Fakta-fakta tersebut menjelaskan bahwa apa yang terjadi di Palestina bukanlah perang, melainkan genosida yang kejam. Namun mirisnya, semua keadaan itu tidak membuat para penguasa dan aktivis HAM yang selalu menyuarakan hak asasi manusia untuk bersuara lantang. Begitu pun para penguasa muslim yang tidak menunjukkan langkah konkret. Hanya sekadar kecaman baik dalam konferensi maupun diplomasi, tanpa mengirimkan tentara yang akan membela. Padahal asalkan hati nurani masih ada, maka tidak akan pernah bisa rela dengan semua kejahatan Zionis di sana.
Diamnya penguasa dan masih banyaknya pihak yang tidak peduli, bukanlah hal yang terjadi secara alami. Ini adalah hasil dari penerapan sistem kapitalisme sekuler yang diusung olah dunia. Hanya ada satu hal yang tinggi dalam pandangan sistem ini, yaitu materi. Sehingga, hilangnya nyawa jauh lebih ringan dari dikorbankannya kepentingan. Itulah mengapa banyak penguasa yang hanya bisa diam meski mendengar jeritan pilu anak-anak Palestina yang tidak berdosa.
Belum lagi paham nasionalisme yang sempit, telah menciptakan jarak yang lebar dan jurang yang dalam antara satu dengan lainnya. Mereka tersekat dengan batas wilayah dan disibukkan dengan kepentingan dalam wilayahnya. Mereka lupa bahkan tidak peduli dengan penderitaan Palestina karena menganggap bukan bagian dari urusan mereka, hingga sekalipun umat meneriakkan jihad, tetap tidak akan terwujud karena tidak ada negara yang mau melakukannya.
Sungguh menyedihkan. Padahal jika berkaca dari sejarah, tidak pernah dibiarkan musuh menguasai atas kaum muslim. Dengan jihad sebagai sebuah metode yang sesuai dengan syariat berbagai pembebasan dilakukan. Negara akan memimpin hal ini karena tidak akan bisa dilakukan oleh individu maupun kelompok, melainkan harus negara yang sah. Sebuah model negara yang tidak ada dalam sistem hari ini. Yang ada justru mereka bersekutu dengan penjajah.

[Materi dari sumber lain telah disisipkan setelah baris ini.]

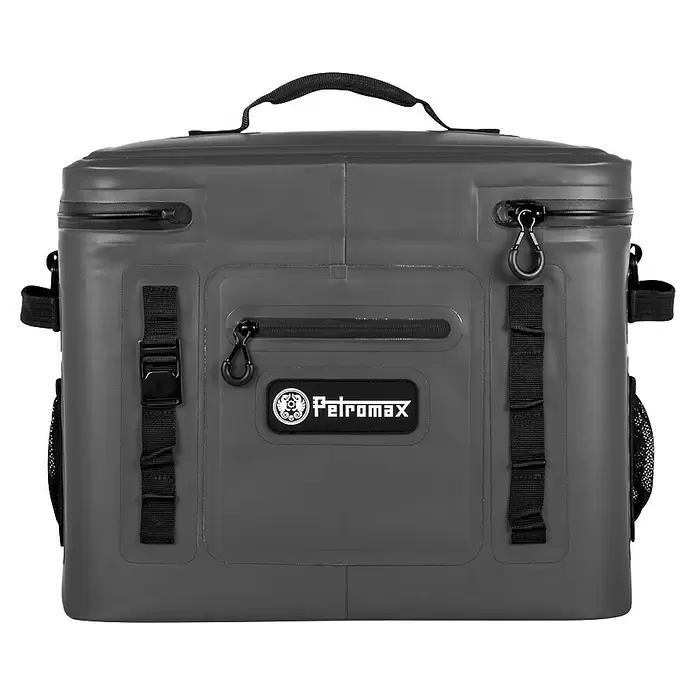 Petromax Nevera portátil - Gris oscuro, 22 l, L x An x Al: 42,5 x 34 x 35,5 cm - Bolsa nevera blanda gris oscuro con compartimento principal con cremallera, bolsillo frontal, asa de transporte y correas laterales, con logo Petromax.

Negara yang tercatat dalam sejarah mampu melakukannya hanyalah negara yang menerapkan aturan Islam secara sempurna. Di dalamnya ada tuntunan bagaimana menjalankan pemerintahan dan pengurusan urusan rakyat. Hingga negara benar-benar menjadi benteng pelindung bagi umat. Negara tidak akan membiarkan penjajahan dalam bentuk apapun dan oleh siapapun.
Solusi tuntas atas deraan penderitaan yang seakan tidak ada akhirnya bagi Palestina dan seluruh kaum muslim di dunia hanyalah Islam dalam institusi negara. Negara ini yang akan memobilisasi kekuatan untuk mengusir penjajah hingga ke akarnya. Namun, mewujudkan negara dengan model ini memerlukan kesadaran masyarakat. Maka jangan sampai masyarakat berhenti hanya pada rasa sedih dan iba, melainkan lanjutkan dengan berjuang bersama untuk mewujudkan negara Islam yang akan memuliakan.